First, server B replicated from A by data d, e, and f. After replication B have a, b, c, d, e, and f.

Utilize Multi Master Support In Azure Cosmos DB
 
Second, server C replicated from B by data a, b, c, d, e, and f. After replication data will be a, b, c, d, e, f, g, h, and j.
 
Utilize Multi Master Support In Azure Cosmos DB

Third, server C replicated from A, data are a, b, and c. But these data already available in C server. If replication run, data will be duplicate see the below image.

Utilize Multi Master Support In Azure Cosmos DB

Conflict Scenarios

There are three types of duplication happen while working with multi-master.

  • Insert
    It will occur when we insert two or more documents with the same unique (for example ID) index from two or more regions simultaneously.

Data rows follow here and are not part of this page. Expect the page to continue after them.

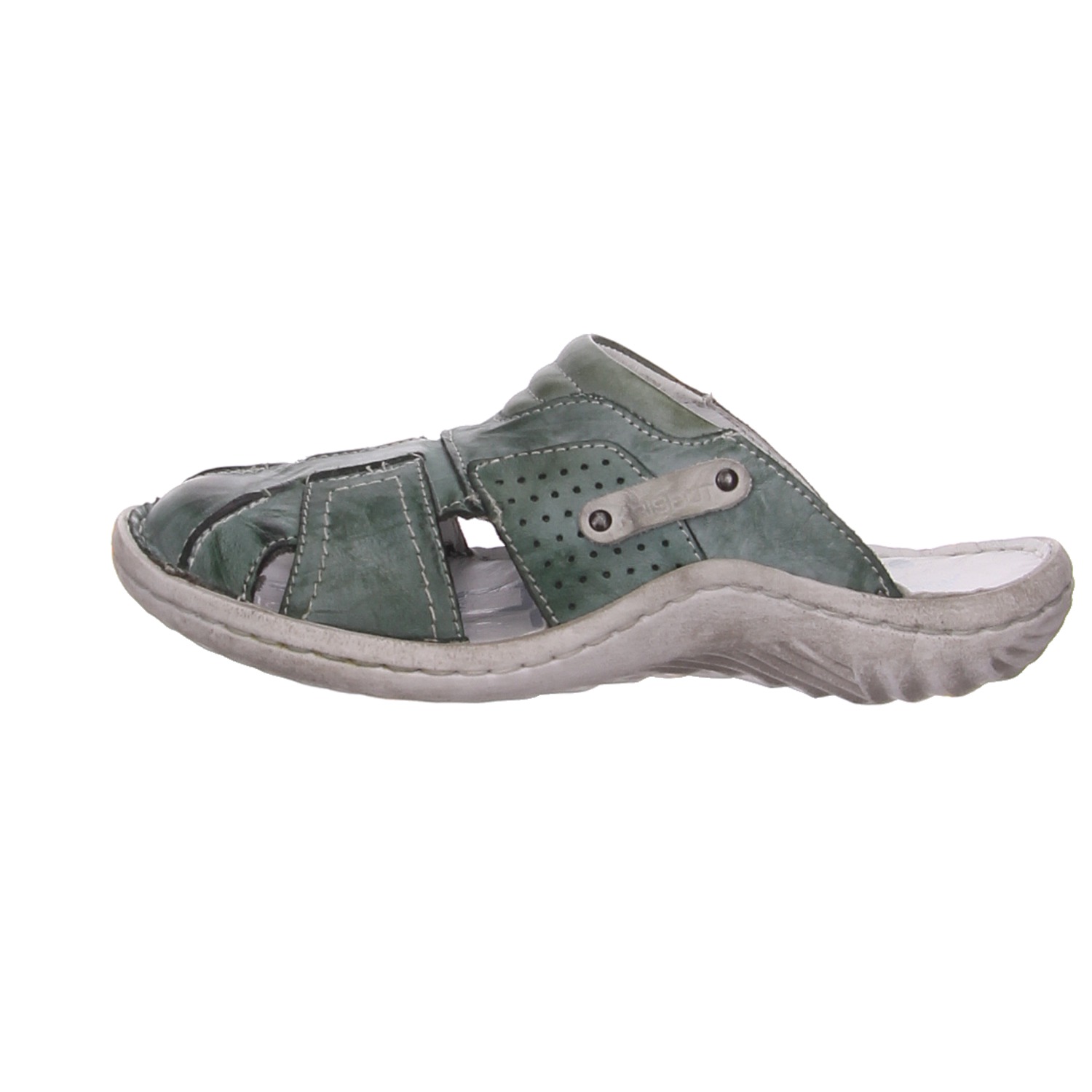 Krisbut Krisbut 7094-6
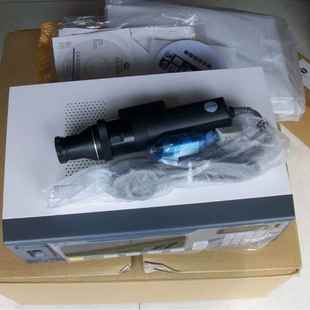 310PU32 310色彩分析儀P32 35CA 35現(xiàn)貨打包處理 35PS32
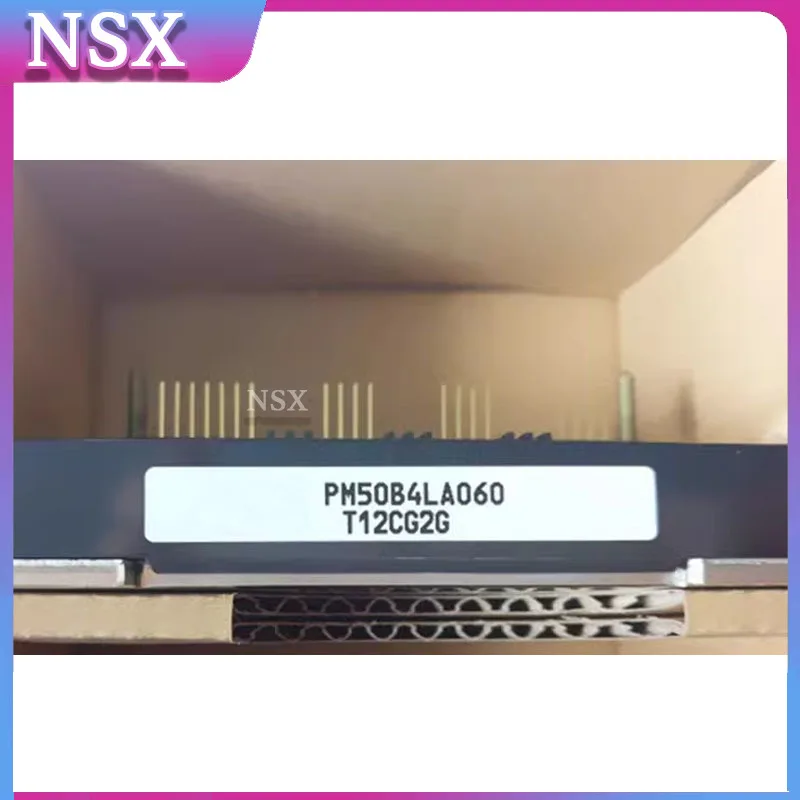 

PM50B4LA060 PM50RHA120 PM50RHA120-1PM25RLB120 PM75RLB060 PM150RLB060 Модуль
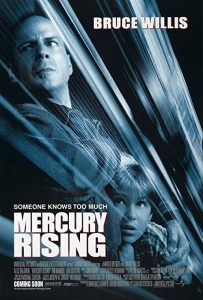 Mercury.Rising.1998.iNTERNAL.1080p.BluRay.x264-TABULARiA – 8.2 GB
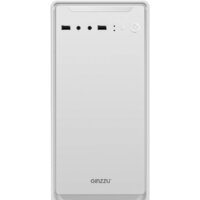 Корпус Ginzzu B185 - Превью изображения №4 — Интернет-магазин ПроЗаказ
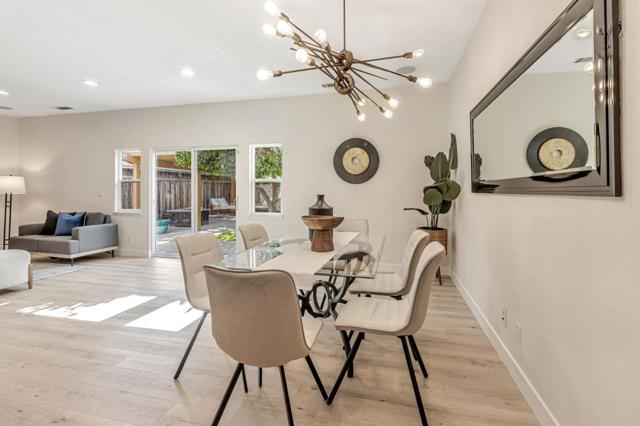 1724 Graham Lane, Santa Clara CA: https://media.crmls.org/mediaz/4d66f07a-22db-42a7-bad8-1b801721b325.jpg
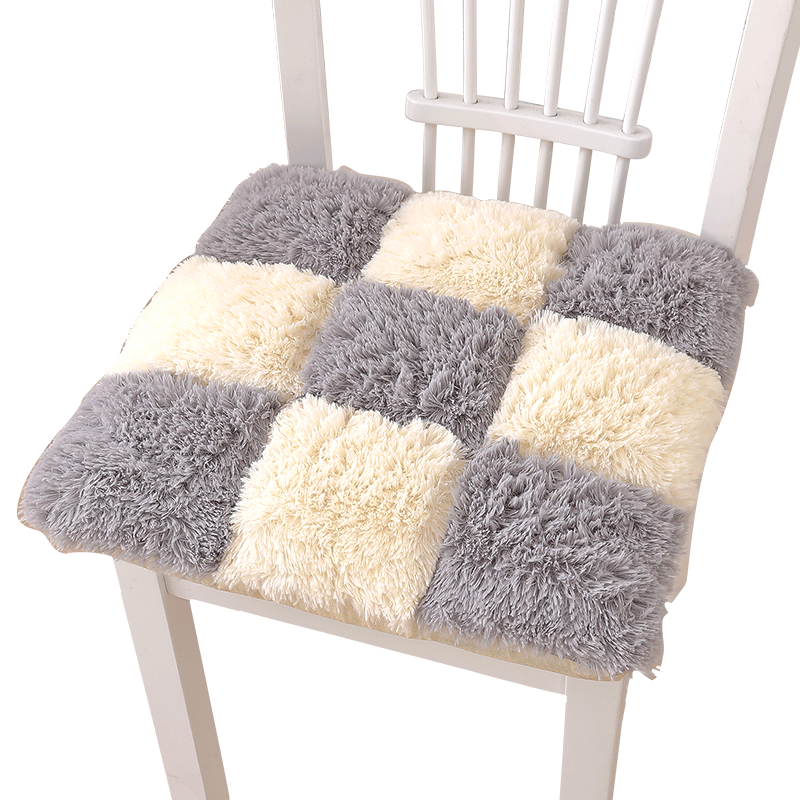 步花间坐垫：价格实惠，品质可靠！|坐垫在线历史价格查询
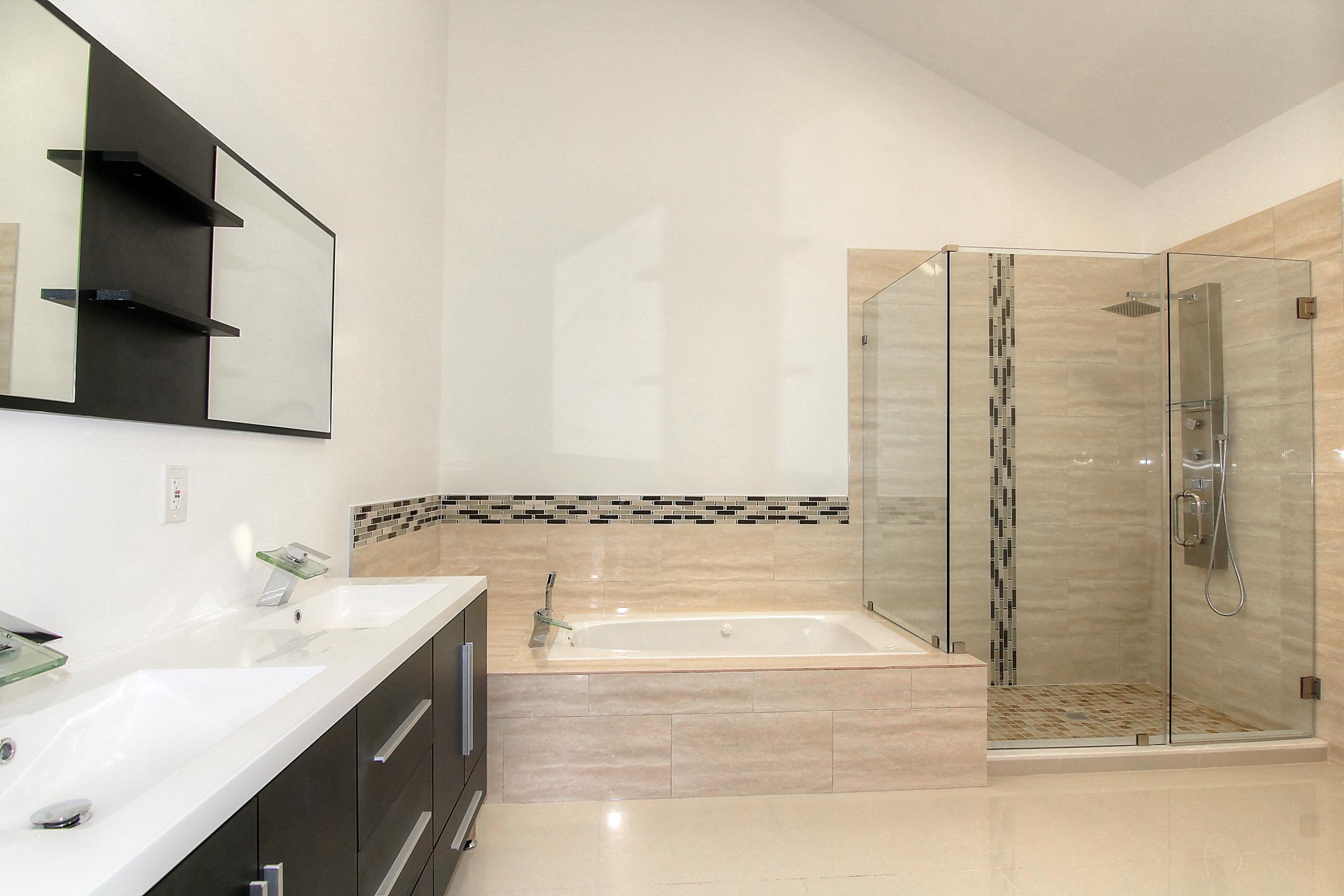 17172 Ryton Lane Boca Raton, FL 33496 - Photo 9 of 16 IMG_8081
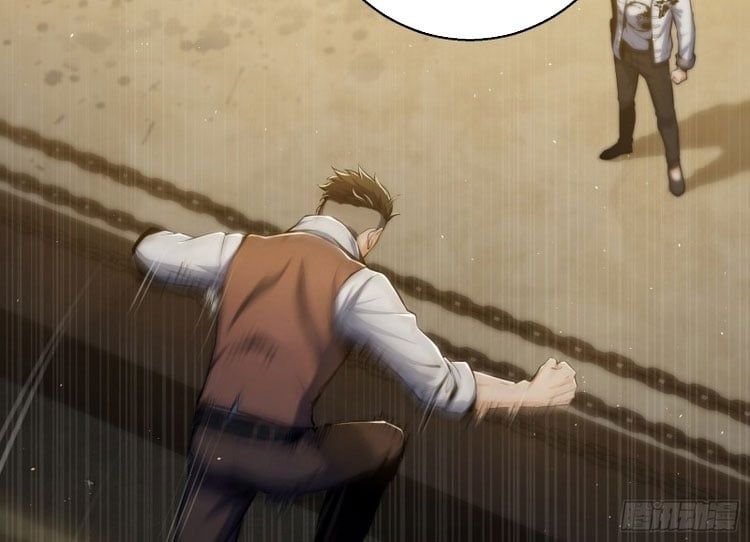 đọc truyện Bắt Đầu Từ Cửu Đầu Điểu Chương 3 ảnh 12 tại Thiên Thai Truyện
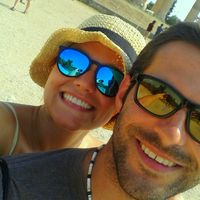 Zdjęcia użytkownika Magdalena Gumowska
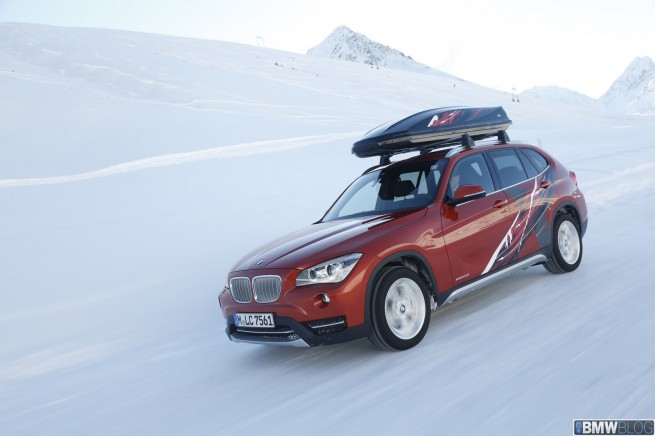 bmw-x1-k2-11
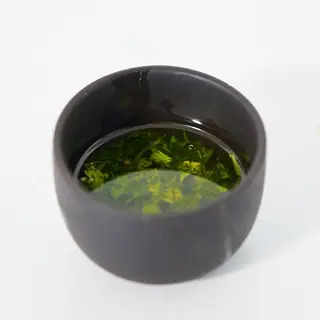 CHIMICHURRI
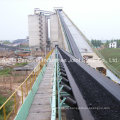 EPC of Belt Conveyor System Used for Cement/Power Plant/Metallurgy/Mining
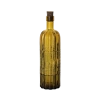 San Miguel Yağ Şişesi Toscana 0.5L 5923D Db48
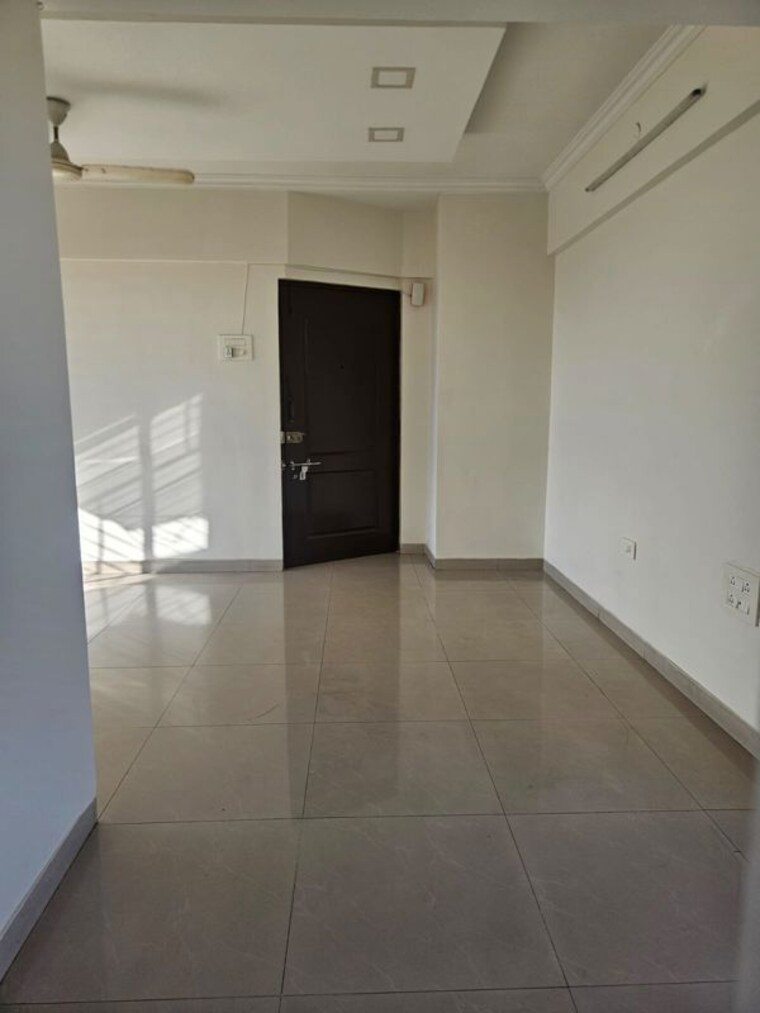 Hall, seawoods 2 Bedroom 1230 Sq.Ft. Apartment In Seawoods Navi Mumbai 10303977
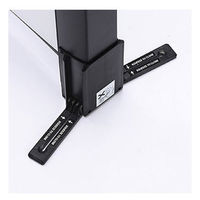 サンワサプライ モバイルスクリーン PRS-M40 1台（直送品）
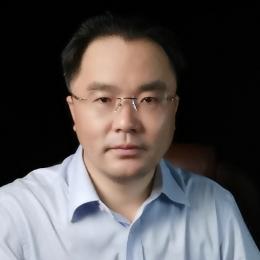 工厂管理II督量衡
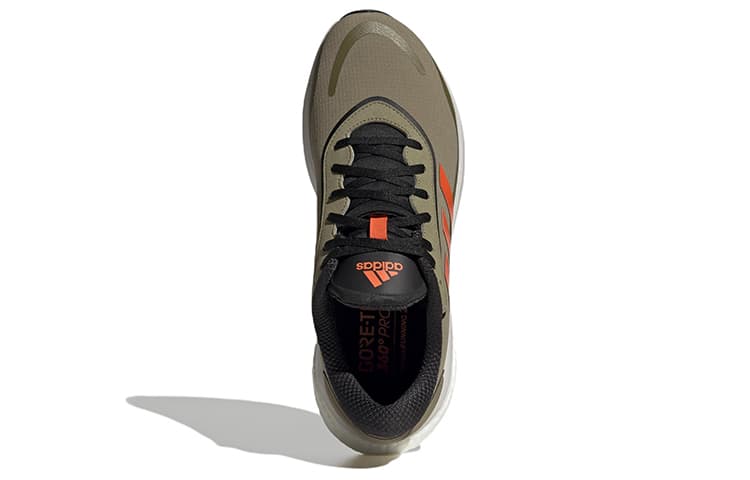 Кроссовки для бега adidas Supernova Gore-Tex - изображение 5
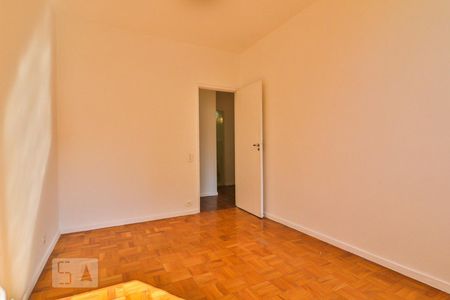 Quarto 1 de apartamento à venda com 3 quartos, 87m² em Consolação, São Paulo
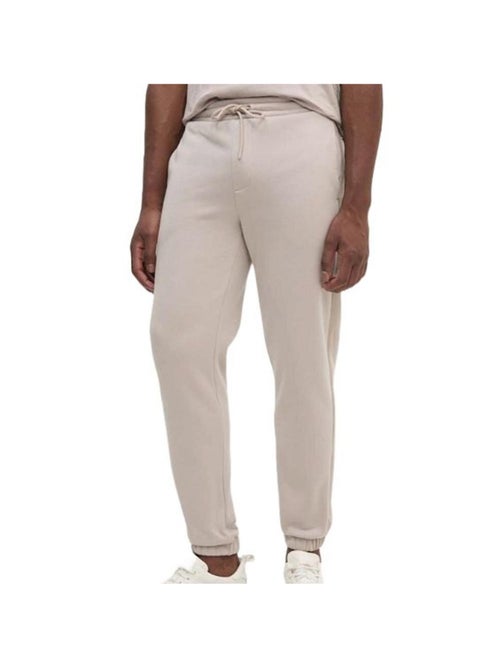 Jogging Femme Calvin Klein Jeans - Kiabi Jogging Femme Calvin Klein Jeans - Kiabi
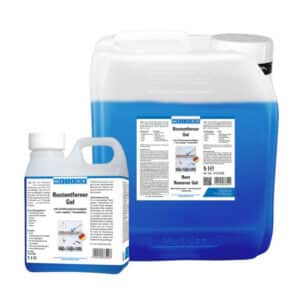 WEICON-RUST-REMOVER-GEL
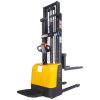 Electric Forklift 1/5 Ton RSCO |LFK015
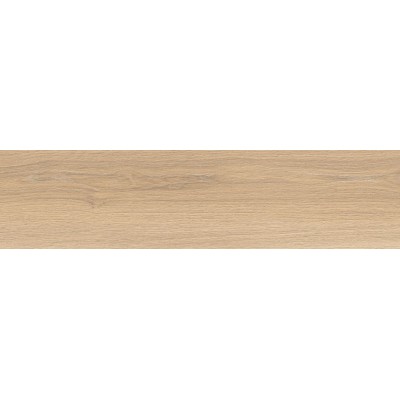 Gres Porto Wood Gpt1116 Cold Beige Matt  Rectified 22,1X89 Senti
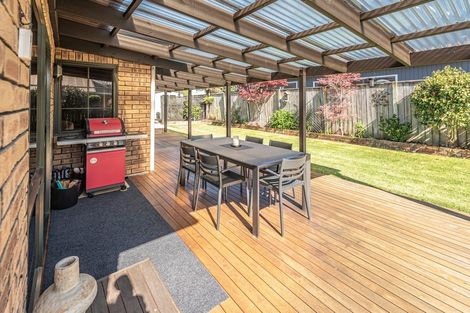 Photo of property in 15 Bullock Drive, Springvale, Whanganui, 4501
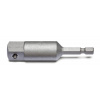 Würth Spojovací diel DIN 7428 E 63 (1/4) 6 hranný - 0614176780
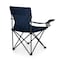 Picnic Time Family Of Brands PTZ Camp Chair 804-00-138-000-0 - alternate 3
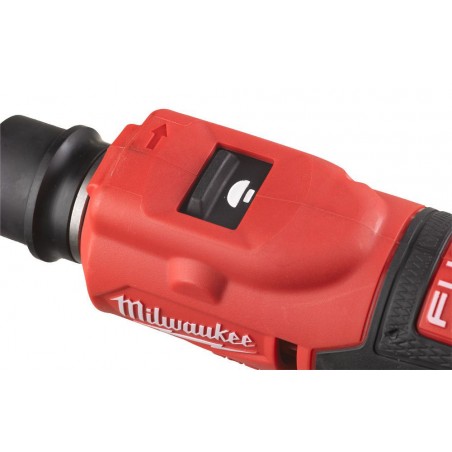 Szlifierka do szorstkowania opon 12V Milwaukee M12FTP-0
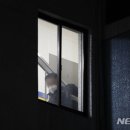 잠실세무서 이미지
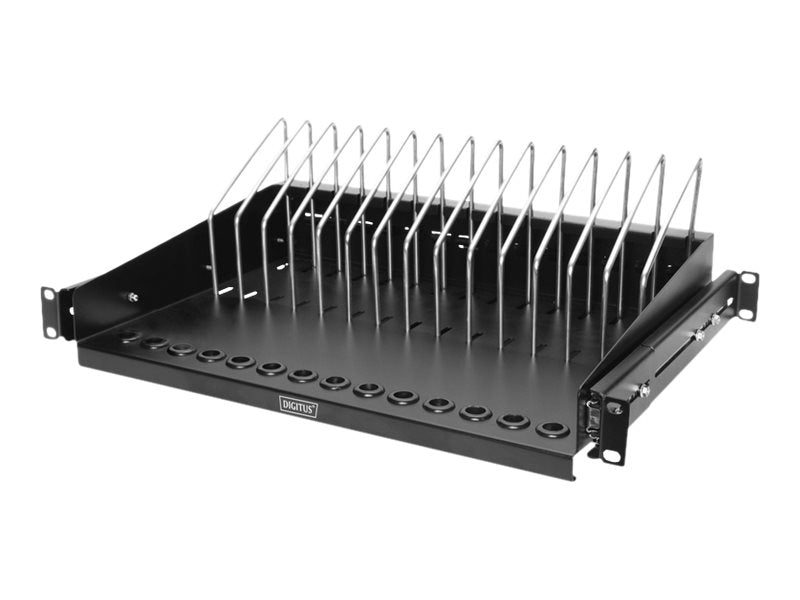 Image3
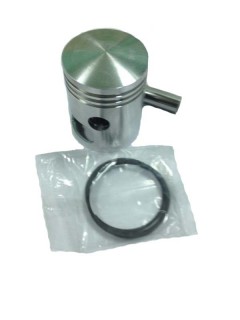 ������� ��������� ��� 350  ������ 634 (6V) 3 ������, ���� (� �����)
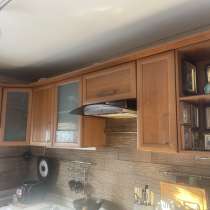 Продам кухню, в Шатуре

Documents get removed when we apply conflict resolution only one document with the original ID is committed.

  • Replace
    It will occur when we update a single document simultaneously from two or more regions.

  • Delete
    It will occur when we delete a document from one region and update it from one or more regions.

Cosmos DB offer three different type of conflicts resolutions like Last-Writer-Win (LWW), Custom- user-defined procedure and Custom - Asynchronous

As of now only LWW available for all the model of cosmos DB and it is a default. We can use all the three only in SqlServer.

LWW

It will resolve the conflicts based on the numeric value passed in a property on the document.

Insert and Update conflicts

If one or more document duplicates in the insert and replaces operations, the document that contains the largest values for the conflict resolution path becomes the winner. If multiple documents has the same numeric value for the resolution path, the selected winner is non-deterministic. All region replicated by winner region document.

Delete conflict

If there are delete conflicts involved, the deleted always win over other replace conflicts.

 Use cases

  1. Social media
    Social media applications need low latency on both read and write to improve user’s engagement. If someone writes the status on his account should be written on his region to improve write latency. That should be shared with his friends speared globally.

  2. E-Commerce
    To increase the responsiveness of applications. Availability for both reads and writes in multiple regions provides greater availability with very low latency.

  3. IoT
    For example, the application needs to track the flight data, which is departs from Singapore and arrives at the USA. When flight takes off that home region will be Singapore, in landing time home region reallocated to the USA which is closed. The data write operation will be very fast because data write onthe nearest region.

Conclusion

In this article, we have seen the newly released multi-master feature of Cosmos DB and how it works to resolve the conflicts with case study.